• TASK DIRECTIONS: Copy out only the lines running from the one that contains "2024 GSX-8R - Suzuki" through the end of the listing. Pictures stay out.

(MATERIAL PROVIDED Opens)

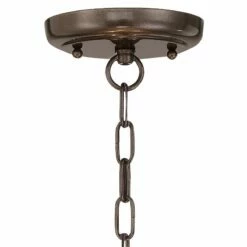Calypso 12" Wide Crystal Vibrant Bronze Chandelier -Lighting Sales Shop calypso 12 inch wide crystal vibrant bronze chandelier 2c233views2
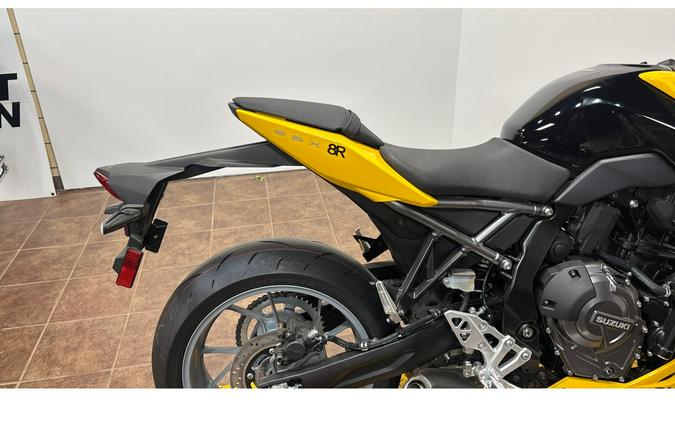 2024 GSX-8R - Suzuki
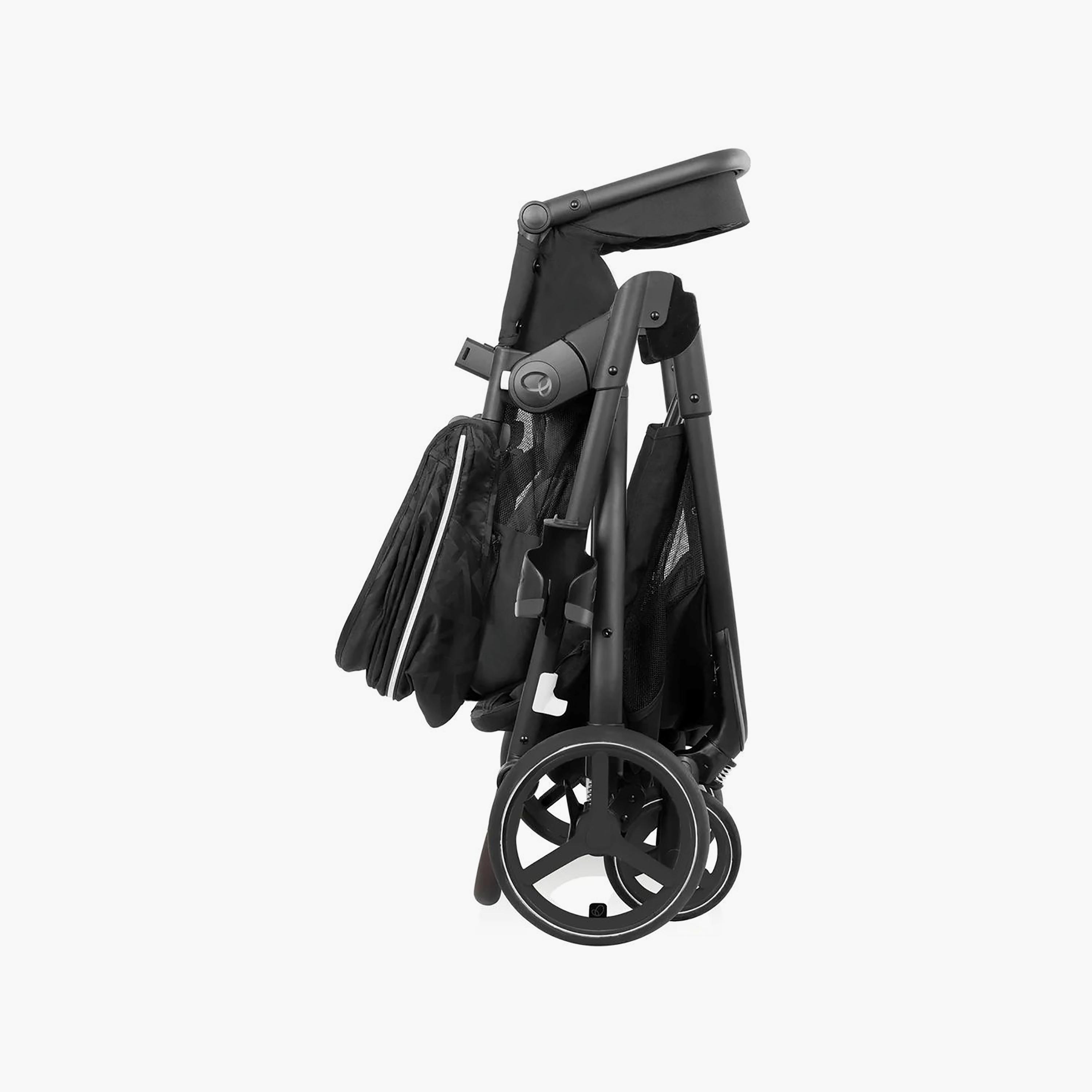 نظام السفر شيفت إنتويتي+ مع ريفولف180 لايتماكس NXT من إيفنفلو - أسود دوبان-baby-gear-strollersandprams-travelsystems-image-15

(MATERIAL PROVIDED Closes)

• REPLY TO THE EXERCISE:
 2024 GSX-8R - Suzuki
 نظام السفر شيفت إنتويتي+ مع ريفولف180 لايتماكس NXT من إيفنفلو - أسود دوبان-baby-gear-strollersandprams-travelsystems-image-15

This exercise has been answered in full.